Word for word, reproduce each line of the data below, omitting every image.

* **RECORDS SUPPLIED**
- Opening Delimiter -

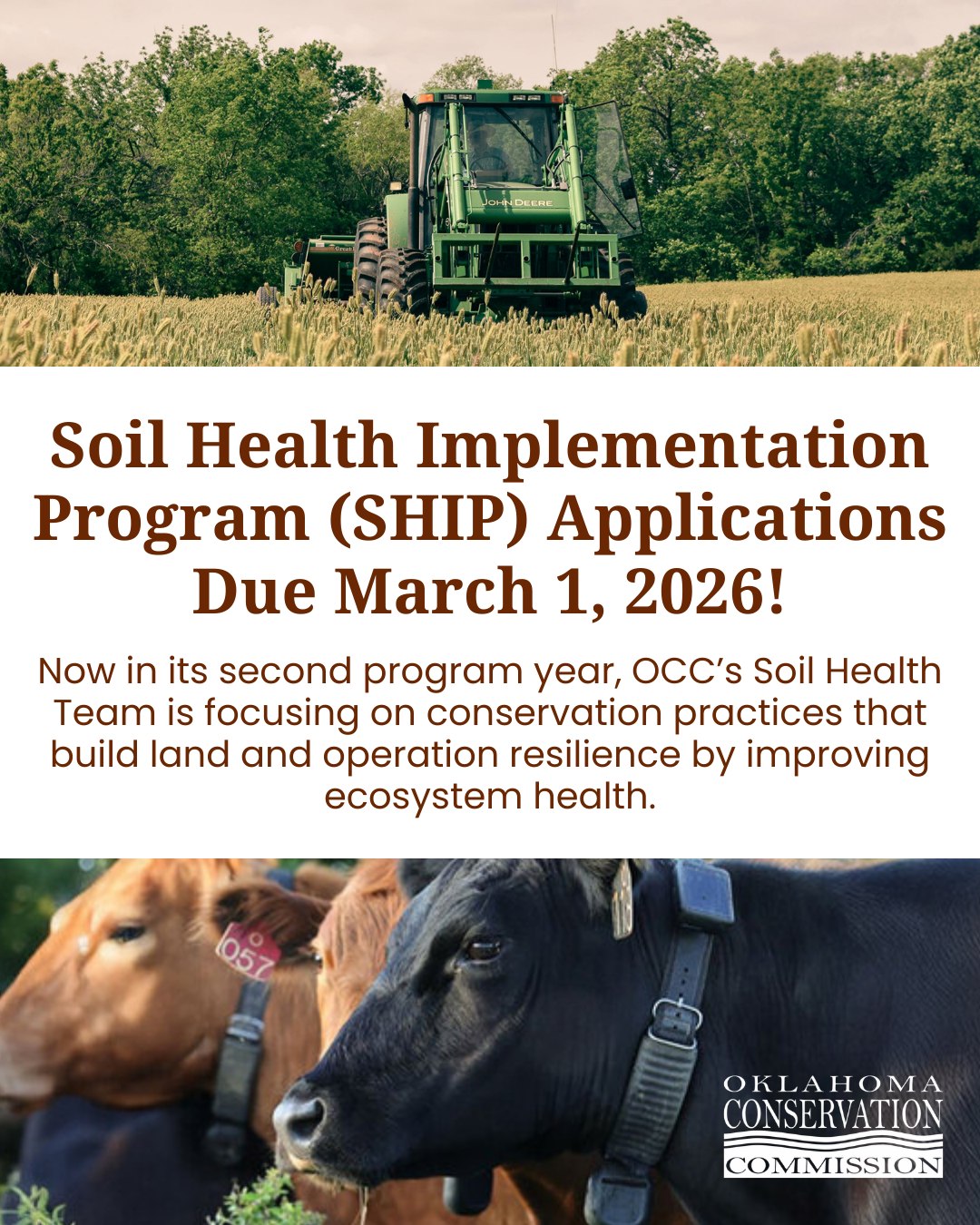 Oklahoma Conservation... - Oklahoma Conservation Commission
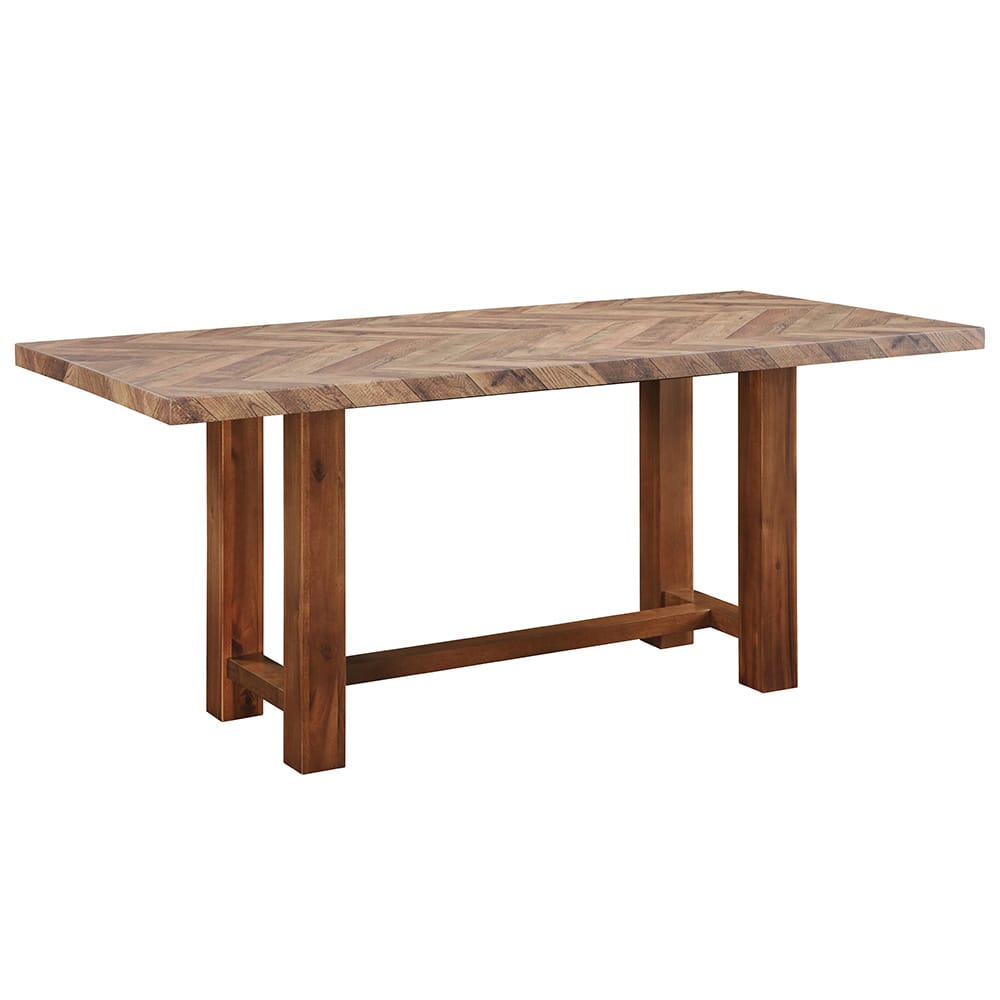 ACME Furniture - Gilsea - Dining Table - Brown  - DN04395 view 1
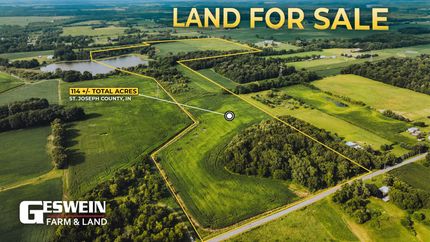 Land for sale in St Joseph County, Indiana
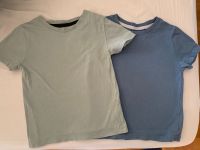 Zwei t-Shirts als Set blau 98 Berlin - Steglitz Vorschau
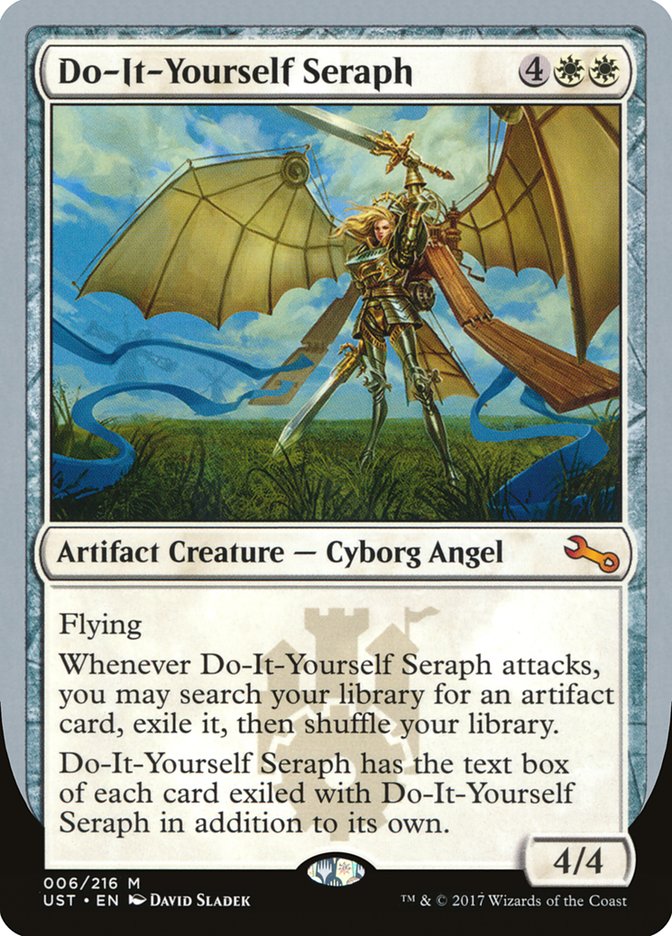 Do-It-Yourself Seraph [Unstable] | Exor Games Summserside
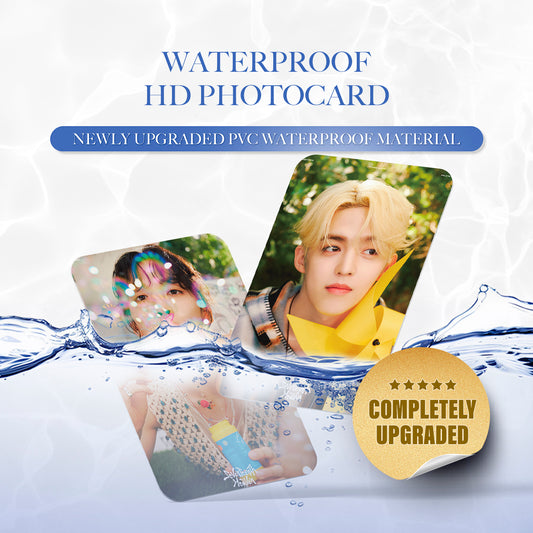Waterproof HD Photocard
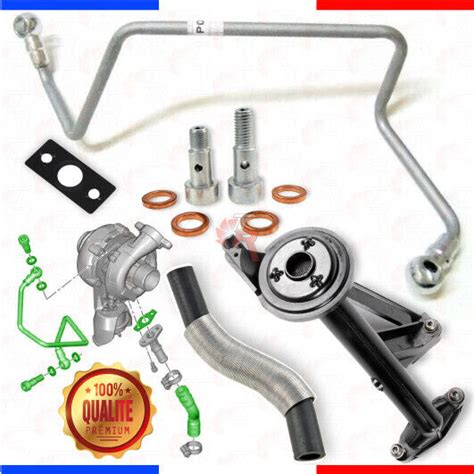 Kit Montage De Turbo Crepine Peugeot Hdi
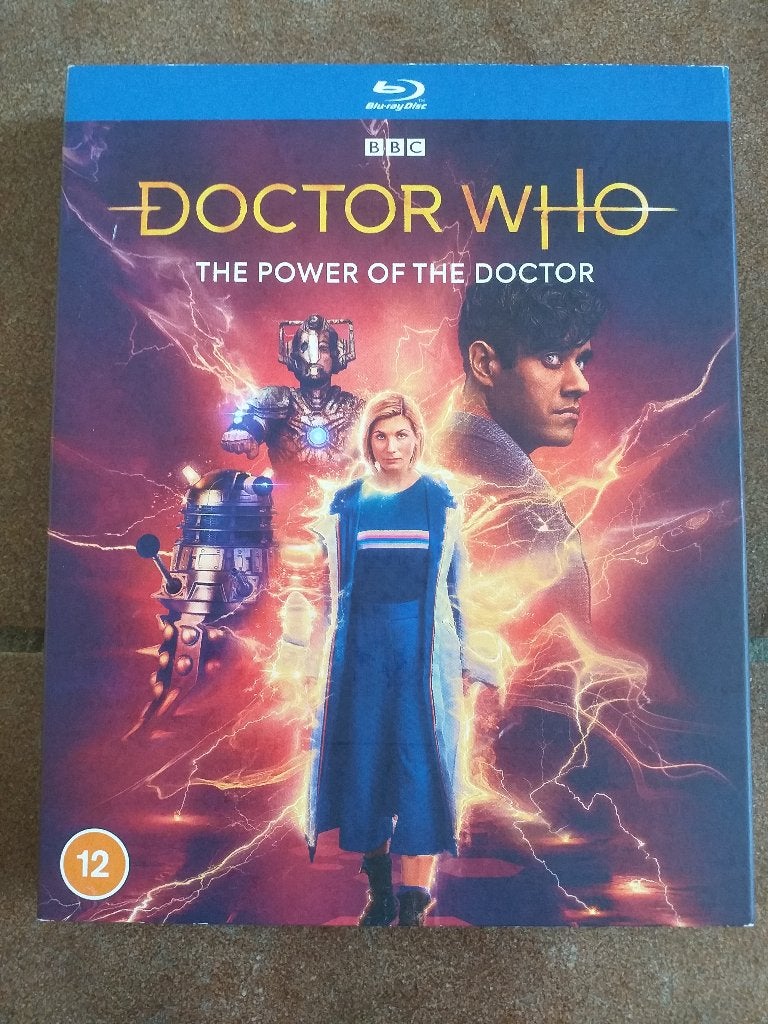 Doctor Who The Power of the Doctor Bluray, Engels, Engels, Ophalen of Verzenden, Zo goed als nieuw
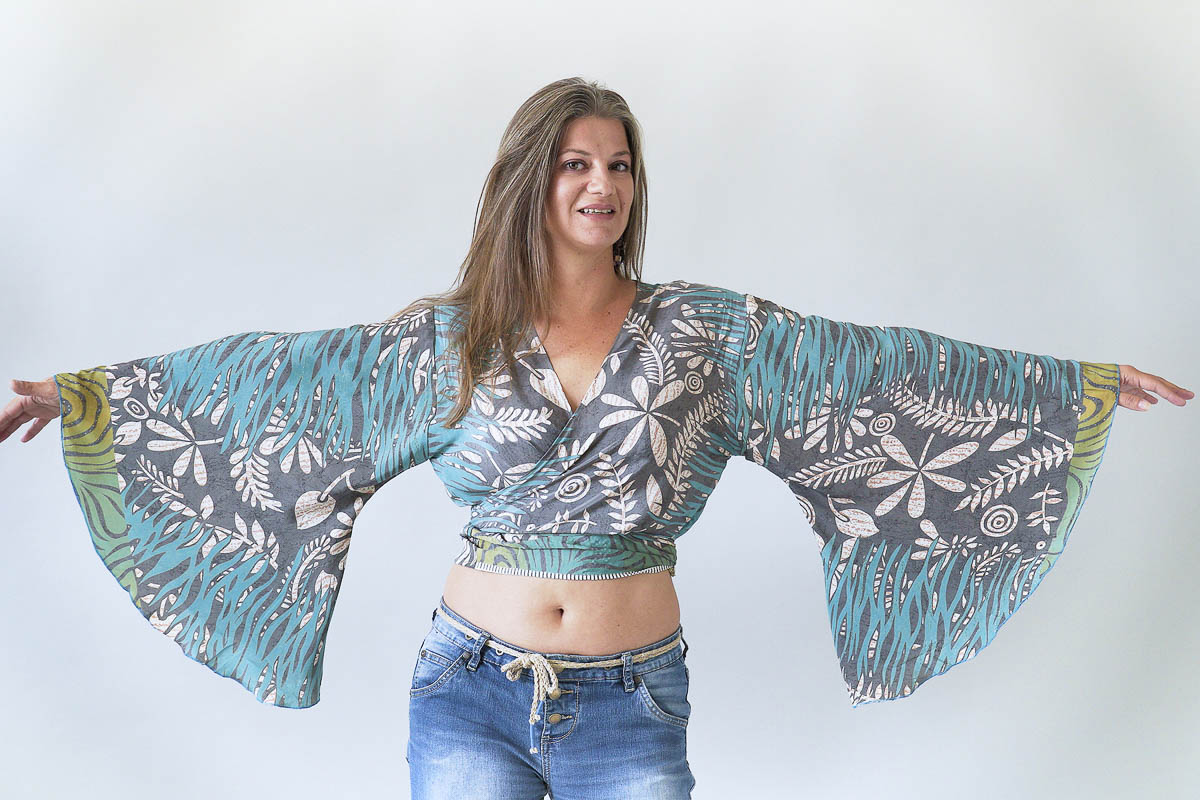 SFT-40 Wrap Top — Cosmosyr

- Closing Delimiter -

* **SOLVED EXERCISE**
 Oklahoma Conservation... - Oklahoma Conservation Commission
 ACME Furniture - Gilsea - Dining Table - Brown  - DN04395 view 1
 Land for sale in St Joseph County, Indiana
 Zwei t-Shirts als Set blau 98 Berlin - Steglitz Vorschau
 Do-It-Yourself Seraph [Unstable] | Exor Games Summserside
Waterproof HD Photocard
 Kit Montage De Turbo Crepine Peugeot Hdi
 Doctor Who The Power of the Doctor Bluray, Engels, Engels, Ophalen of Verzenden, Zo goed als nieuw
 SFT-40 Wrap Top — Cosmosyr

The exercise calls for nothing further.